The landscape of eastern Australia, from the grain belts of New South Wales to the cropping zones of Queensland, has become a seething brown carpet. Millions of mice, driven by an ecological trigger that scientists are racing to decode, are consuming harvests, gnawing through machinery, and encroaching on homes. For the farmers enduring this plague, the question is not if the next wave will come, but when. Now, a team of British agricultural scientists, led by the University of Cambridge and Rothamsted Research, has launched an international study to unravel the environmental drivers behind these catastrophic eruptions. Their findings carry implications for global food security under a warming climate.
Mice plagues are not new to Australia. The species Mus musculus, introduced by European settlers, has erupted periodically since the 19th century. But the scale and frequency of recent outbreaks suggest a shift. The current plague, which began in earnest in 2020, has been described by the New South Wales Farmers Association as the worst in living memory. Yield losses for winter crops have exceeded $1 billion AUD, and the psychological toll on rural communities is mounting.
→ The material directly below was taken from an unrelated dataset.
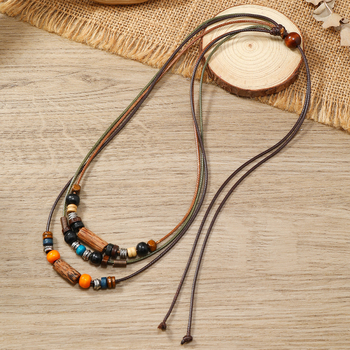 Κολιέ πανκ σε ρετρό καλλιτεχνικό στυλ, ξύλινες χάντρες από κράμα αλουμινίου πολλαπλών στρώσεων, χειροποίητο, με σχέδιο, κοσμήματα πολλαπλών στρώσεων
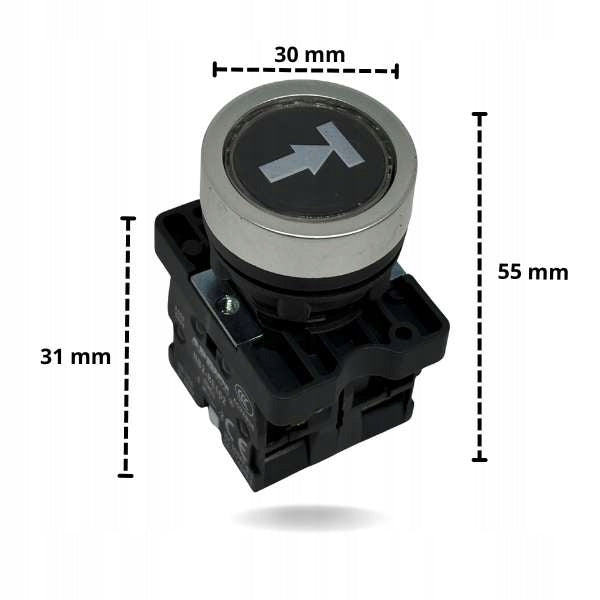 Lift button - black 1 x NO, 1 x NC (arrow, dash) Manufacturer code P-PRZY-0016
The British team, in collaboration with CSIRO and Australian agricultural agencies, is focusing on the role of climate variability. Dr. Helena Vance, Science & Climate Correspondent, explains: “The relationship between weather and mouse population dynamics is a complex feedback loop. A mild, wet winter followed by a warm, dry spring creates ideal conditions for breeding. But the data suggests something more nuanced is at play.”
Preliminary analyses point to a phenomenon known as “resource pulse”: the synchronous production of seeds and grains across vast areas, triggered by climatic anomalies. In a normal year, scattered rainfall creates patchy food resources, keeping mouse numbers in check. However, under climate change, the incidence of extreme rainfall events and subsequent drought has increased, synchronising food availability over hundreds of kilometres. This provides a superabundant feast that allows mouse populations to explode simultaneously.
The team is deploying automated traps, GPS tracking, and genetic sampling to map mouse movements and breeding rates. Satellite imagery of crop vegetation indices is being correlated with meteorological data to predict hotspots. The goal is to build a predictive model that can forecast plagues months in advance, giving farmers time to deploy targeted control measures.
“We are moving away from reactive poison baiting to a more strategic, ecologically informed approach,” says Professor Michael Sorenson, the study’s lead investigator. “By understanding the triggers, we can interrupt the cycle before it spirals out of control. This could reduce the reliance on anticoagulant rodenticides, which have secondary impacts on native predators.”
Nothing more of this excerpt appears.